Updated: 6 days ago
But with me, when anger surfaces I'm unable to express it. I hold on to it like a warm cup of tea on a cold winter morning, nursing it. My displaced sense of ethics and values of life does not allow me to let go of anger and, it just simmers inside me.
I read this quote somewhere and it has remained in the quotes compartment of my brain for posterity.
"You actually made yourself angry because of the way you perceived the situation or because of how you chose to respond to it".
In my dictionary of emotions, anger is a healthy emotion. Most of us feel it on and off the rest are constantly bogged down by it. Our behavior, the choice of words, our body language, and the consequence that we face because of anger is what makes it a negative or ugly emotion.
All around me, I see people expressing their anger, speaking out, showcasing their aggressive side, unabashedly throwing things, breaking things, using the choicest of abusive and derogatory words and, then moving on in life unfazed. But with me, when anger surfaces I'm unable to express it. I hold on to it like a warm cup of tea on a cold winter morning, nursing it. My displaced sense of ethics and values of life does not allow me to let go of anger and, it just simmers inside me. When it does come up, all hell breaks loose. I don't scream or shout..hmm maybe sometimes but, most of my anger is expressed by shutting down communication - verbal and non-verbal & my body language is stiff and unapproachable.
While studying to become a counselor, I chanced upon an interesting article describing different forms of anger from antiloneliness.com.

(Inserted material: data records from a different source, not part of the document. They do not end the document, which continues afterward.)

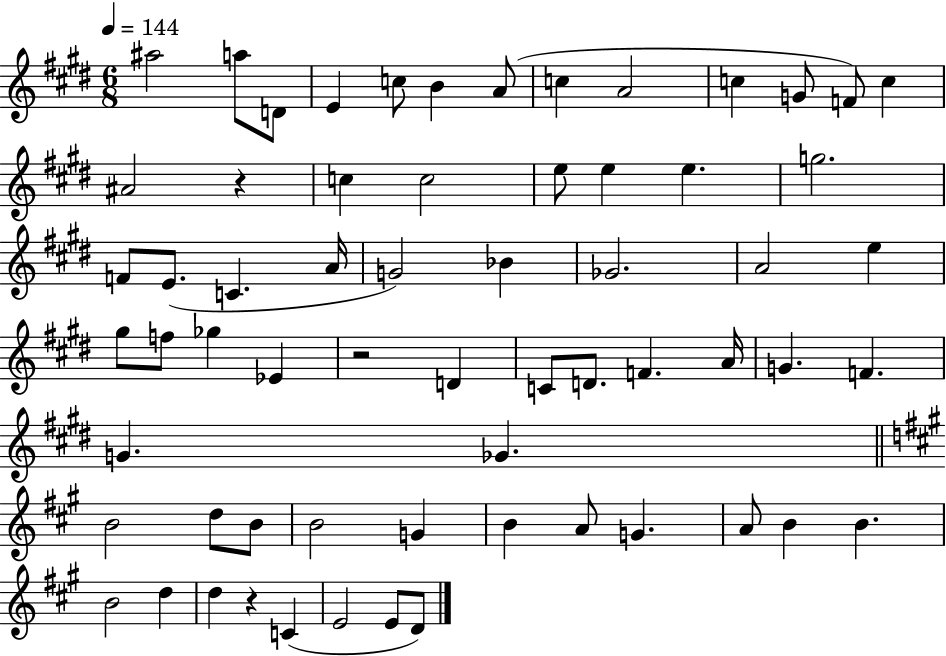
{
  \clef treble
  \numericTimeSignature
  \time 6/8
  \key e \major
  \tempo 4 = 144
  \repeat volta 2 { ais''2 a''8 d'8 | e'4 c''8 b'4 a'8( | c''4 a'2 | c''4 g'8 f'8) c''4 | \break ais'2 r4 | c''4 c''2 | e''8 e''4 e''4. | g''2. | \break f'8 e'8.( c'4. a'16 | g'2) bes'4 | ges'2. | a'2 e''4 | \break gis''8 f''8 ges''4 ees'4 | r2 d'4 | c'8 d'8. f'4. a'16 | g'4. f'4. | \break g'4. ges'4. | \bar "||" \break \key a \major b'2 d''8 b'8 | b'2 g'4 | b'4 a'8 g'4. | a'8 b'4 b'4. | \break b'2 d''4 | d''4 r4 c'4( | e'2 e'8 d'8) | } \bar "|."
} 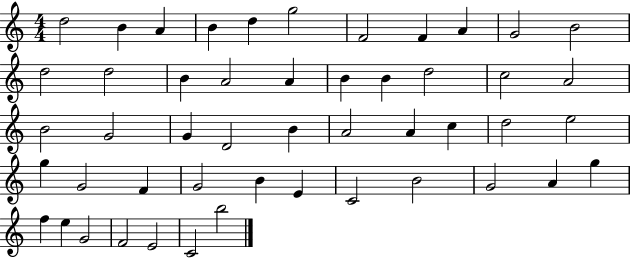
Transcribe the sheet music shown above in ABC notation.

X:1
T:Untitled
M:4/4
L:1/4
K:C
d2 B A B d g2 F2 F A G2 B2 d2 d2 B A2 A B B d2 c2 A2 B2 G2 G D2 B A2 A c d2 e2 g G2 F G2 B E C2 B2 G2 A g f e G2 F2 E2 C2 b2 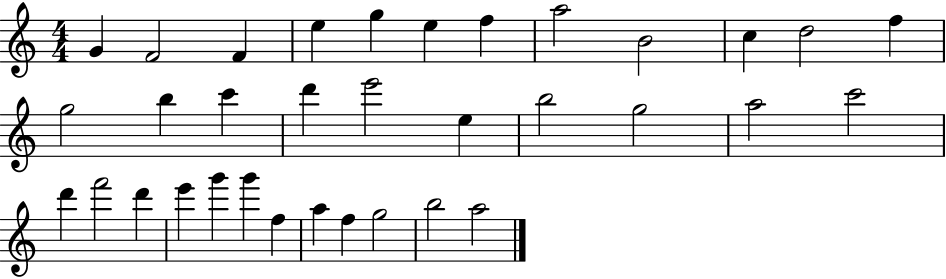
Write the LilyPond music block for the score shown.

{
  \clef treble
  \numericTimeSignature
  \time 4/4
  \key c \major
  g'4 f'2 f'4 | e''4 g''4 e''4 f''4 | a''2 b'2 | c''4 d''2 f''4 | \break g''2 b''4 c'''4 | d'''4 e'''2 e''4 | b''2 g''2 | a''2 c'''2 | \break d'''4 f'''2 d'''4 | e'''4 g'''4 g'''4 f''4 | a''4 f''4 g''2 | b''2 a''2 | \break \bar "|."
} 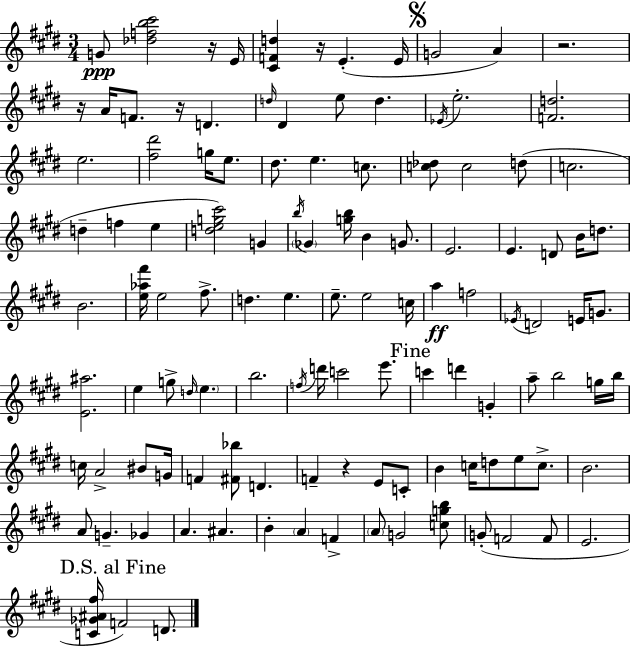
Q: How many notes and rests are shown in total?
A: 116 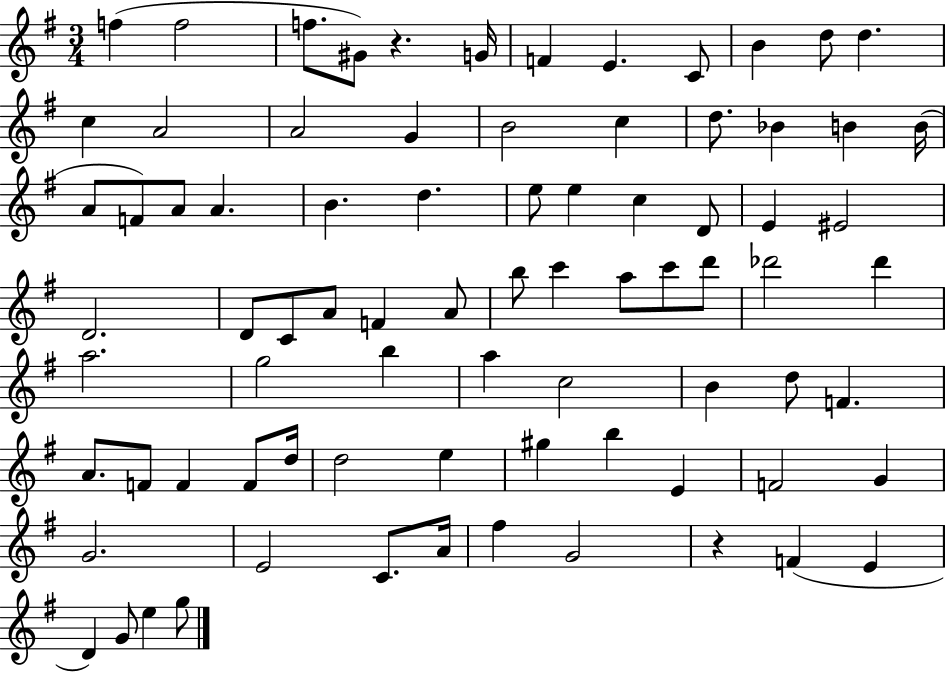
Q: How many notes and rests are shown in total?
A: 80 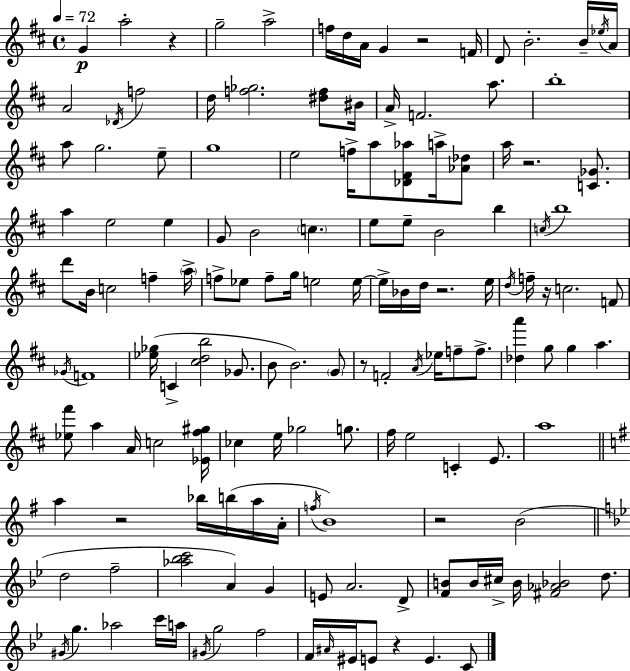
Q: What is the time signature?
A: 4/4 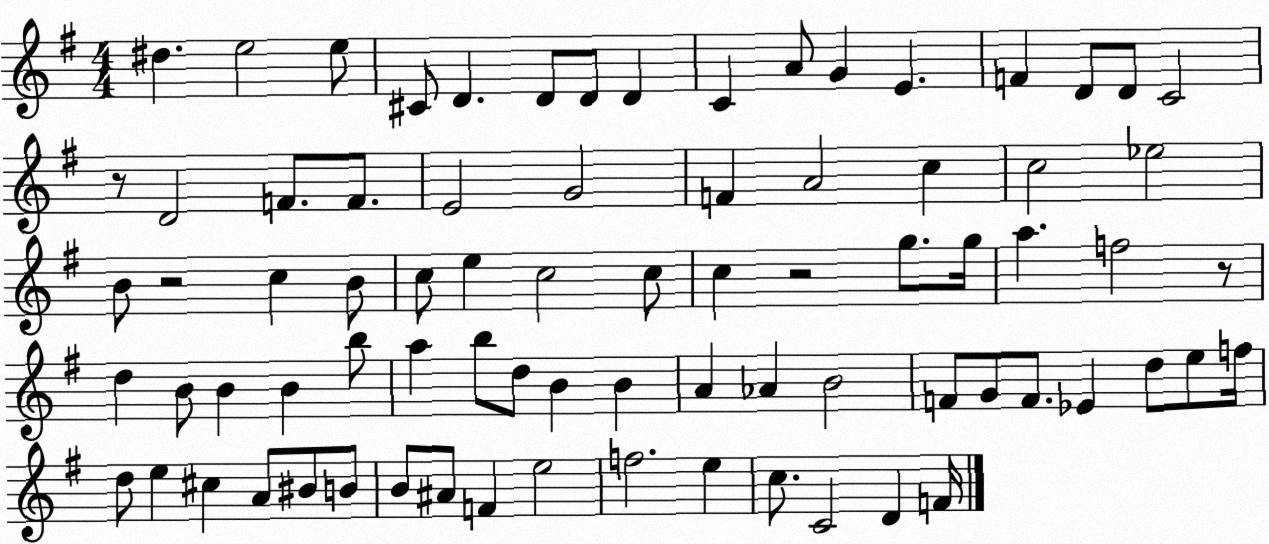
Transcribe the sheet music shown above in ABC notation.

X:1
T:Untitled
M:4/4
L:1/4
K:G
^d e2 e/2 ^C/2 D D/2 D/2 D C A/2 G E F D/2 D/2 C2 z/2 D2 F/2 F/2 E2 G2 F A2 c c2 _e2 B/2 z2 c B/2 c/2 e c2 c/2 c z2 g/2 g/4 a f2 z/2 d B/2 B B b/2 a b/2 d/2 B B A _A B2 F/2 G/2 F/2 _E d/2 e/2 f/4 d/2 e ^c A/2 ^B/2 B/2 B/2 ^A/2 F e2 f2 e c/2 C2 D F/4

Probably this narration and share can help you identify the type of anger you practice.
So, here goes the many faces of anger.
They never express their anger, as they consider it selfish and unkind.
They find fault in themselves if they feel angry.
They protect others by taking the blame.
By suppressing their anger, they end up with a lot of resentment, then an explosion of anger, and then guilt.
They express anger in subtle ways, non-verbal ways (facial expressions, tone of voice, posture, eye contact) which they purposely indulge in.
When asked what is wrong? They respond with "Nothing". Rings a bell?
The people around them always feel that they need to tiptoe around them.
Their judging mode is always on & they are strict with others. You will constantly hear them say - you are not doing things right or you are not good enough. Threats, yelling, putting people down is second nature to them.
Their anger is a distraction from their inner critic. They find it easy to focus on someone else's mistakes other than their own.
People are intimidated and most times avoid them, making them lonely beings.
The Self Soother
They escape their feelings especially anger, through social media, alcohol, sex, shopping, religious rituals, food, work, or drugs.
Self-soothing habits are related to a feeling of emptiness, feeling of not being heard, not getting attention & they fail to understand that ignoring these feelings will not make them go away.
Their anger is the only way to numb all other feelings. Behind the anger, they hide sadness, loneliness, shame, fear.
The angrier they feel, the more vulnerable they feel.
It's difficult for them to control their anger because of all the accumulated burden it carries.
Constantly on a complaining mode to benefit from sympathetic listeners.
Interestingly the naggers don't confront the person they are annoyed with.
Avoiding their anger makes them avoid the situation or the responsibility that will follow.
Nothing ever gets resolved.
These are the ones who rationalize every situation, to eventually not feel anger.
They believe that anger is a matter of not having self-control & it's not cool or okay to be angry.
They are always fine and do not express any uncomfortable feelings.
They intimidated others and make others feel bad about their vulnerability and their insecurities.
They feel superior, special and therefore feel entitled to their anger, even to people who treat them with kindness.
When things go wrong, they turn it around into someone else's fault.
They explain their anger, use words explaining what triggered them without being aggressive.
They set boundaries.
They are patient and, they focus on what they need.
They respect people & themselves and are open to feedback from others while constantly focusing on self-awareness exercises.
Some anger management techniques I practice consciously. Many miles to go before I can master it.
I constantly write down what are my anger trigger buttons - words, action, body language, situations.
I try to listen & feel the sensations in my body when I'm about to get angry. Here is what I feel - my back or underarms start to sweat, I start feeling flushed, tears well up, I can feel my facial muscles looking cruel!
Most times before I lash out at someone I consciously try to engage in a self debate over the cause of the matter. I try to calm myself down by walking away from the situation, drinking water, counting backward from 100 to 1, listening to music, or taking a walk. There are times when I've allowed myself to let my tears flow in silence & this has helped me be reasonable and understanding.
I spend a lot of time after walking away, deciding how to handle the cause of my anger and the person involved. I must admit though many a time, I have failed and lashed back with a vengeance because when the overthinking mode is on, I bring out old stories at add on to the current one.